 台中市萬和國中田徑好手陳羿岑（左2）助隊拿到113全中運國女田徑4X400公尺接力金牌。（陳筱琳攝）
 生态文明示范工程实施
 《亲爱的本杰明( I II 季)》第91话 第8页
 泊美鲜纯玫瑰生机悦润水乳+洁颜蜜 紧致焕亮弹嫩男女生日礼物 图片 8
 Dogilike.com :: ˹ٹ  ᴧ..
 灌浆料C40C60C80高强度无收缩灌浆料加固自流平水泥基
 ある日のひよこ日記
- - -
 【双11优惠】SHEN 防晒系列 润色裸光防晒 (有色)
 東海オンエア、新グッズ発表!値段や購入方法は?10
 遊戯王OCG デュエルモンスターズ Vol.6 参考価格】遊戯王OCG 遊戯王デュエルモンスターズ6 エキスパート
- - -
What to work on – Looking back over the data above, restate word for word the lines that begin at the line with "防晒系列 润色裸光防晒 (有色)" and end at the line with "遊戯王OCG デュエルモンスターズ Vol.6", inclusive.

Solution for this task –
 【双11优惠】SHEN 防晒系列 润色裸光防晒 (有色)
 東海オンエア、新グッズ発表!値段や購入方法は?10
 遊戯王OCG デュエルモンスターズ Vol.6 参考価格】遊戯王OCG 遊戯王デュエルモンスターズ6 エキスパート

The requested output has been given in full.